By identification of the micromorphology, these cases support the supplemental benefit of OCTA imaging in the evaluation and management of type 3 neovascularization. Furthermore, the noninvasive nature and ease of acquisition make OCTA a viable option for following patients with this disease. The potential for quantitative analysis and measurement of the lesion size is also promising. However, the utility of OCTA in a busy clinical setting is not without its challenges. Segmentation errors due to retinal pathology can be misleading and require meticulous attention when assessing OCTA images. Motion artifacts that result in distorted images can also be problematic and may be more prevalent in the elderly population who may have trouble with fixation. Furthermore, large superficial retinal vessels, hemorrhage and the presence of IRF can lead to projection artifacts upon the deeper retinal layers [15], making interpretation difficult.

In conclusion, this retrospective case series establishes the added utility of OCTA in not only surveying the microvascular morphology of type 3 lesions, but also quantifying the lesion area in response to anti-VEGF injections longitudinally. In all cases there was improvement in VA, resolution of cystoid macular edema and type 3 lesion size reduction compared to baseline. Early type 3 neovascular lesion complexes seem to exhibit the greatest sensitivity to anti-VEGF therapy, with the potential for complete vascular regression whereas more mature lesions demonstrate greater resistance to therapy highlighting the benefit of OCTA to allow for earlier detection of type 3 lesions. Our study exemplifies the promise of OCTA as a supplementary modality to FA and SD-OCT to both qualitatively and quantitatively evaluate type 3 neovascularization in AMD patients and their response to treatment.

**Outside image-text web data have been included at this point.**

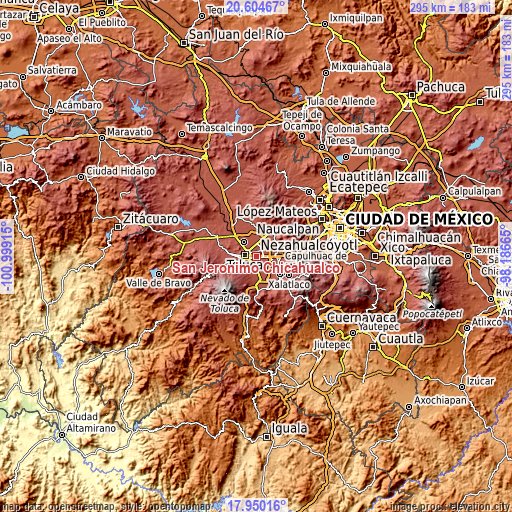 Topographic map of San Jerónimo Chicahualco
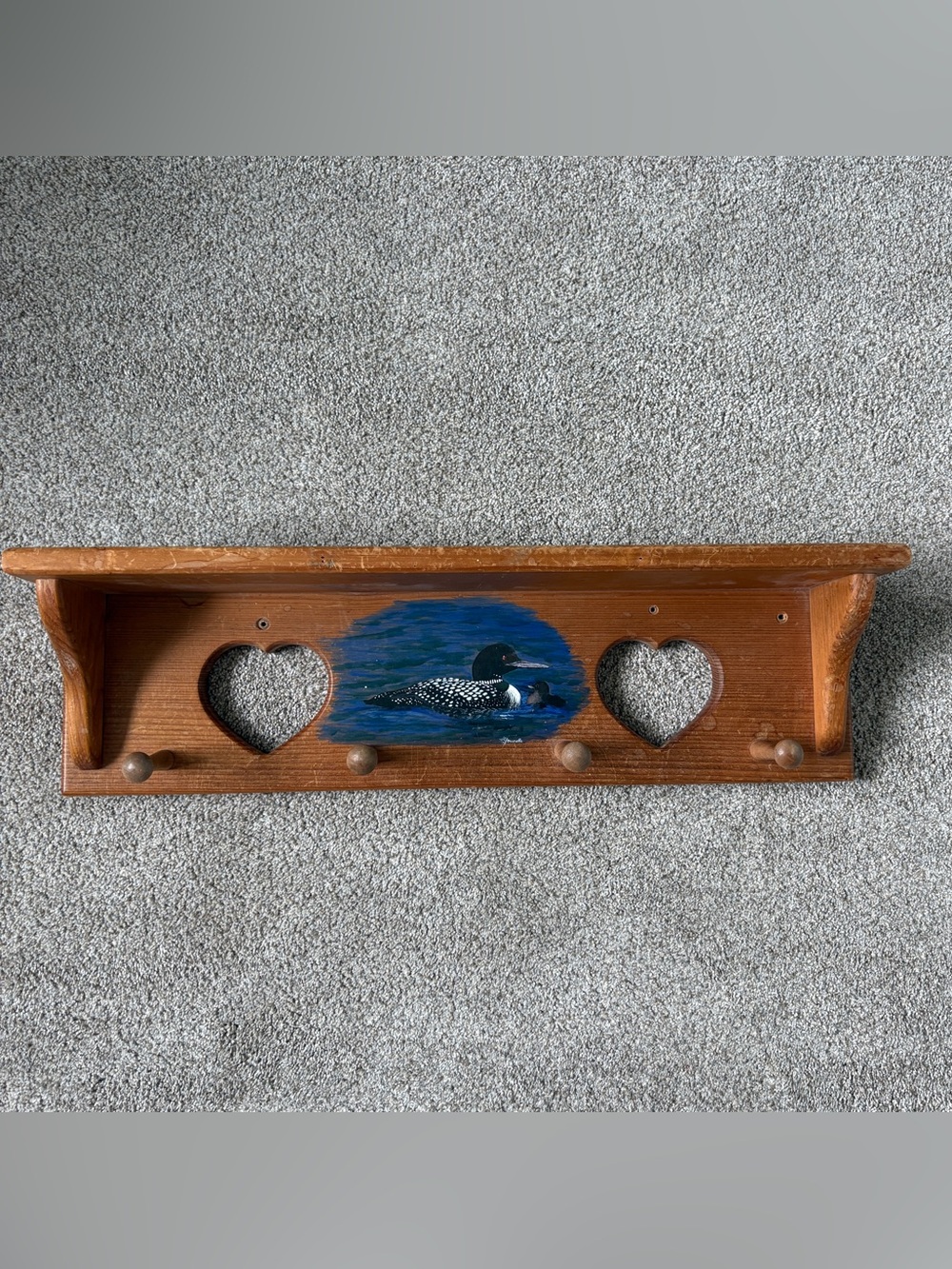 Vintage Wooden Heart Accent Wall Shelf with Loon Painting Country Cottage Lake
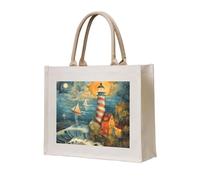 lootpe The Seaside Lighthouse Print Tote Bag, Personalized Present Bag, Canvas Beach Travel Bag, Shopping Bags, Gift For Women Mom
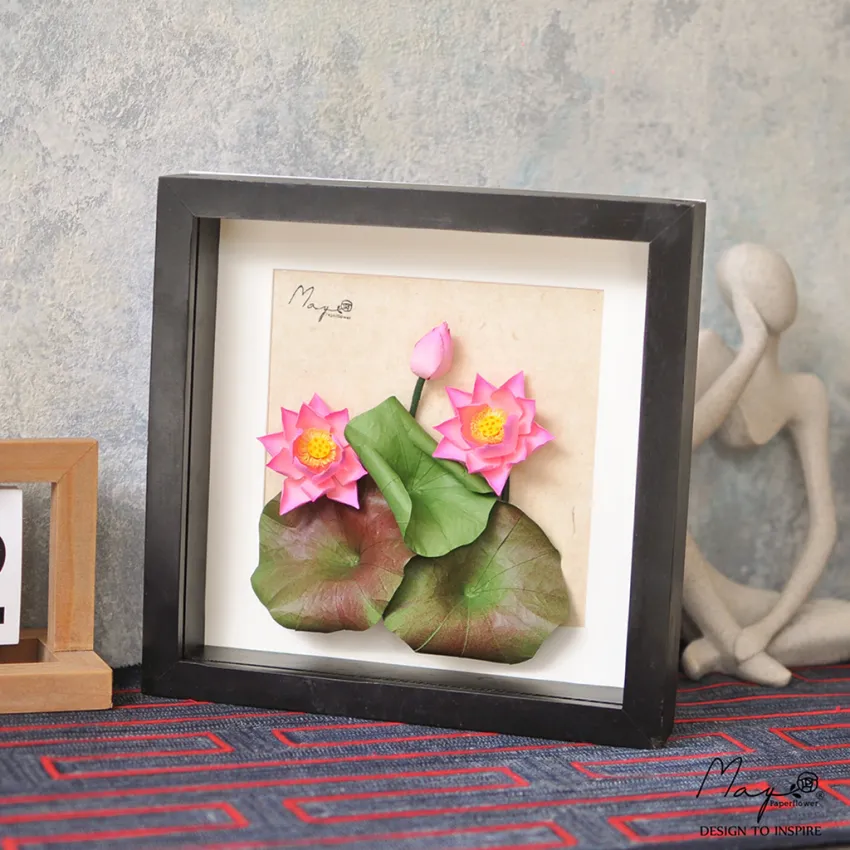Handmade Paper Flower Painting - Lotus And Dó Paper MAYPAPERFLOWER 25x25cm Wooden Frame, Interior Decoration, Handmade Gifts, Personalized Gifts, Corporate Gift Handmade Paper Flower Painting - Lotus And Dó Paper MAYPAPERFLOWER 25x25cm Wooden Frame, Interior Decoration, Handmade Gifts, Personalized Gifts, Corporate Gift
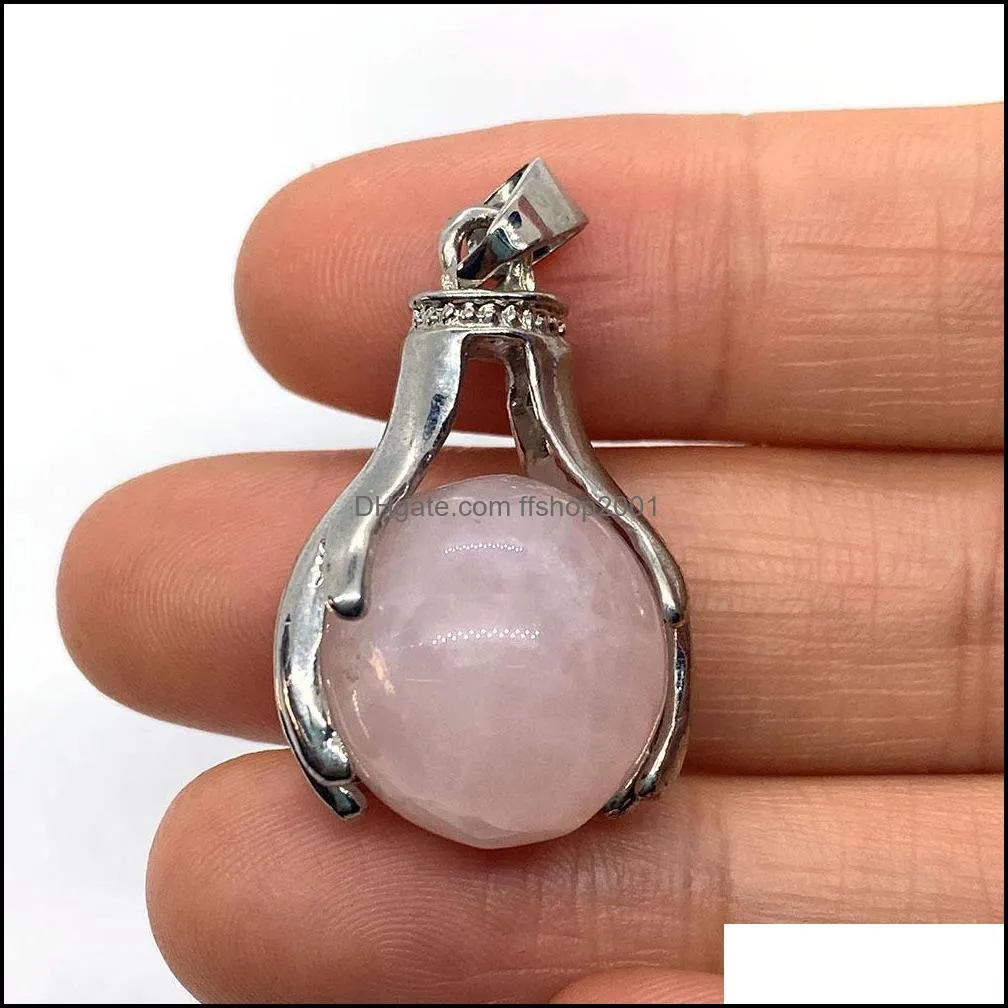 claw hand hold charm natural stone round beads pendants for jewelry making necklace ffshop2001
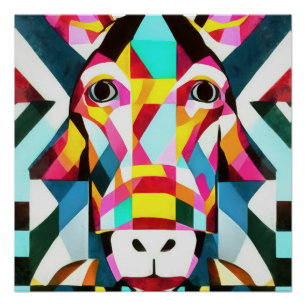 Donkey Colorful Fun Geometrie Abstrakte Kunst Poster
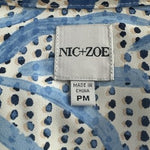 Nic+Zoe Blue Palm Leaves Dot Fit & Flare Dress PM Pockets Elastic Waist Short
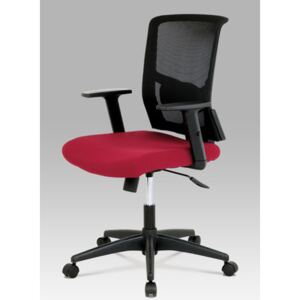 Autronic - Kancelářská židle, látka vínová + černá, houpací mechnismus - KA-B1012 BOR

The authors have no financial or conflicts of interest to disclose.

Funding: Supported in part by an unrestricted grant from Research to Prevent Blindness.

Research instrument support for this work was provided by Optovue, Inc. The funders had no role in study design, data collection and analysis, decision to publish, or preparation of the manuscript.

Authorship: All authors attest that they meet the current ICMJE criteria for Authorship.